___ TASK MATERIAL

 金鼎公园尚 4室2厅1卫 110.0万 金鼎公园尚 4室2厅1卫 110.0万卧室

______
___ TASK MATERIAL

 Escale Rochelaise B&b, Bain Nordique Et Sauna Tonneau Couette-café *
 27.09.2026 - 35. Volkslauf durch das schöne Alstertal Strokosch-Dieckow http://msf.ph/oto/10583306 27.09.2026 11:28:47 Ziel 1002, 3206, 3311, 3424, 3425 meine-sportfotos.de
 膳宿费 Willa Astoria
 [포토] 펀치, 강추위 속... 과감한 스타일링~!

______

INSTRUCTIONS FOR THE TASK
Exact duplication is required for the lines above, from the line that contains "Escale Rochelaise B&b, Bain" to the line that contains "[포토] 펀치, 강추위 속... 과감한 스타일링~!", inclusive; omit all others.

EXERCISE RESPONSE
 Escale Rochelaise B&b, Bain Nordique Et Sauna Tonneau Couette-café *
 27.09.2026 - 35. Volkslauf durch das schöne Alstertal Strokosch-Dieckow http://msf.ph/oto/10583306 27.09.2026 11:28:47 Ziel 1002, 3206, 3311, 3424, 3425 meine-sportfotos.de
 膳宿费 Willa Astoria
 [포토] 펀치, 강추위 속... 과감한 스타일링~!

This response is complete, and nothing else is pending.